Replace application code with DB2 query

Instead of merging the XML data from the two tables in the application layer, you can do the same thing in the database using a single SQL/XML query. A one-to-many join of CUSTOMER_TABLE.CUSTXML/Customer/@customerid to PURCHASE_TABLE.ITEMXML/Customer/@customerid.

Figure 3. Join two XML columns
Join two XML columns
Listing 3. Query two XML columns
values(xmlquery('


for $Customer in db2-fn:xmlcolumn( "CUSTOMER_TABLE.CUSTXML")/Customer

where $Customer/@customerid= $customerid

return
<Customer customerid ="{$Customer/@customerid}"
firstname ="{$Customer/@firstname}" lastname ="{$Customer/@lastname}" >{

for $Customer0 in db2-fn:xmlcolumn("PURCHASE_TABLE.ITEMXML")/Customer
where $Customer0/@customerid= $Customer/@customerid
return $Customer0/Item

}</Customer>

' passing cast( ? AS varchar(255) ) as "customerid" ))

The resulting XML for all items purchased by customer hardeep would be:

Figure 4. Query result
Query result

In the above query, you had to construct the outer Customer element and add the attributes from the CUSTXML column data. DB2 Viper 2 (beta) has support for XQuery updating expressions that enable modifications of the XML document so there is no need to construct the outer Customer element. Instead, you could use the one from the customer table and insert the items from the purchase table as children.

Listing 4. Viper 2 query for two XML columns
values(xmlquery('
				

for $Customer in db2-fn:xmlcolumn( "CUSTOMER_TABLE.CUSTXML")/Customer

let $items:=(<Items>{

for $Customer0 in db2-fn:xmlcolumn("PURCHASE_TABLE.ITEMXML")/Customer
where $Customer0/@customerid= $Customer/@customerid
return $Customer0/Item

}</Items>)

where $Customer/@customerid= $customerid

return
transform
copy $cust:=$Customer
modify(
do insert $items as last into $cust)
return $cust

' passing hardeep as "customerid" ))

In the above queries, you not only searched, retrieved, and merged parts of XML documents stored in the database but you also transformed the resulting XML by adding new elements to it.

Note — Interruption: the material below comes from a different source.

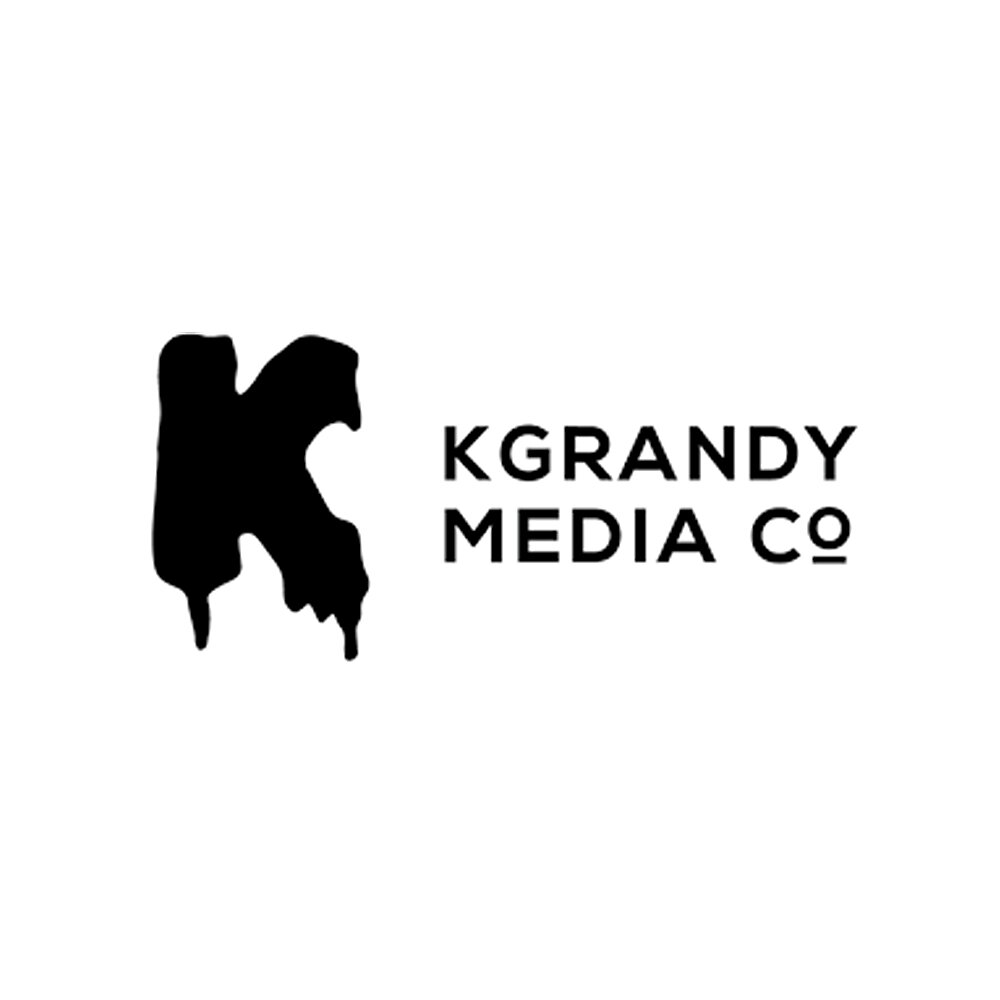 KGrandy-Logo.jpg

Also, hardeep was implicitly cast to XML type (xs:string).

Comparison between the database query and Java application code

If you compare the above queries to the Java code (Listing 6. Rewriting the application to use the XML model) in Part 1, you find that the logic is quite similar.

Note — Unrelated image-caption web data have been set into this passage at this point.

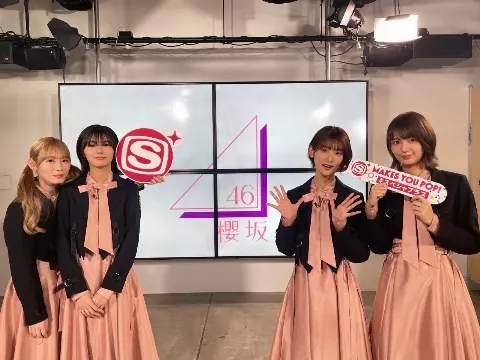 井上 梨名｜いのりぶろぐ（2021-11-22）｜5枚目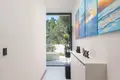 Вилла 4 спальни 200 м² Opcina Razanac, Хорватия
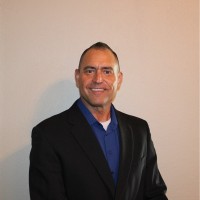 Matt Bolding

  1. Select the Customer info from CUSTOMER_TABLE.
  2. Construct an Items element and search for all the items purchased by that customer from PURCHASE_TABLE.
  3. Iterate over each item in the selected list and insert it into the Items element.
  4. Insert the Items element into the Customer element.

Create a stored procedure

To separate the business logic in the database from the application code, it is a good idea to create a stored procedure for this query.

Listing 5. Create procedure
CREATE PROCEDURE customerItems(IN custid varchar(12))
DYNAMIC RESULT SETS 1
LANGUAGE SQL
BEGIN
DECLARE c_cur CURSOR WITH RETURN FOR

values(xmlquery('

for $Customer in db2-fn:xmlcolumn( "CUSTOMER_TABLE.CUSTXML")/Customer

let $items:=(<Items>{

for $Customer0 in db2-fn:xmlcolumn("PURCHASE_TABLE.ITEMXML")/Customer
where $Customer0/@customerid= $Customer/@customerid
return $Customer0/Item

}</Items>)

where $Customer/@customerid= $customerid

return
transform
copy $cust:=$Customer
modify(
do insert $items as last into $cust)
return $cust

' passing custid as "customerid" ))
OPEN c_cur;
END

Replace the application code with stored procedure call

The application code now makes a stored procedure call to DB2 and passes the XML to the DOM wrapper. The application code for the XML model (Listing 6. Rewriting the application to use the XML model lines 2-8) in Part 1 would reduce to:

2. ResultSet dbResult = dbstmt.executeQuery("call customerItems ("+custid+")"
3. XMLParse customerXML = new XMLParse(dbResult. getString(1));

A more elaborate example

Consider a little more elaborate scenario that also calculates the insurance on each item. To make it a little more challenging, the insurance not only varies on a daily basis but also changes with price. This means that you have to pass to the query not only the customerid but also the insurance rates. Now assume that you query the latest insurance rates every day from a Web service provided by the insurance company. The insurance rate information comes as an XML document.

<insurance>
<rate price="100" currency="$" rate=".02"/>
<rate price="500" currency="$" rate=".018"/>
<rate price="" currency="$" rate=".015"/>
</insurance>

You can modify the previous stored procedure to calculate insurance rates.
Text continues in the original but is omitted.